For something that is cooked in the sauce itself so it has more intense flavors, try our birria tacos meat. That recipe is incredible too.
What is the difference between red and green tamales?
Green tamales and red are two different types popular in Mexican cuisines everywhere. The main difference between them is the color and flavor of the sauce used to make them. Green, also known as tamales verdes, are made with a green sauce that is typically made with tomatillos, green chilies, and cilantro.
The sauce gives them a tangy and slightly spicy flavor. Both are often filled with chicken, pork, or cheese inside. Red, also known as tamales rojos, are made with a red sauce that is typically made with dried red chilies, garlic, and spices. This gives them a deep, rich flavor and a reddish brown color.
Both are typically made with masa dough, wrapped in corn husks before being steamed until cooked through. They are often served with salsa, guacamole, or sour cream as a garnish. Whether you prefer green tamales or red tamales depends on your personal taste and the type of filling you prefer.
We are sticking with the traditional authentic Mexican tamale sauce which is red, with heat, and pureed with several different types of dried peppers. You can use a food processor or blender but the latter will get it smoother.
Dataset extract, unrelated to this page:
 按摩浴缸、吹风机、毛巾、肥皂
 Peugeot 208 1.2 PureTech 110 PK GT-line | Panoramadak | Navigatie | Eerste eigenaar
Store bought is also an option if you want a quick method or can’t find the necessary ingredients.
How to Make Red Tamale Sauce
- When you make this sauce you are going to start with 2 cups of chicken broth and the other ingredients into a medium saucepan.
- Bring to a boil over medium high heat stirring consistently to break everything down and meld everything together.
- Reduce the heat to low, cover the pot, and simmer for about 10 minutes or until the chilies are softened.
- Transfer the ingredients in the saucepan to a blender
- Blend on high for 2 to 3 minutes or until the ingredients are completely pureed.
- If the sauce is not thin enough for your preference, add in the remaining cup of chicken broth.
Stir about 1 cup of the red sauce into the shredded pork to moisten and add some heat. You can add more too but that would be the minimum. The rest should be kept on the side to pour over the top.
Think of this like wrapping a present that is secured in a wrap but left open at the top. In order to make the outsides pliable the husks should be soaked in hot water for 2-5 hours to soften up nicely. Remember, this isn’t a quick dish which is why you don’t find them often. It’s a bit of love that takes time to come together so don’t rush.
How to Wrap a Tamale
- To assemble the tamales you want to make an assembly line with all of your ingredients. Once you have everything prepared you will spread a layer of prepared tamale dough (masa) on a soaked corn husk, leaving a border around the edges.
- Add a spoonful of the shredded pork filling tossed with red chile sauce to the center
- Then fold the husk over the filling and roll it up tightly.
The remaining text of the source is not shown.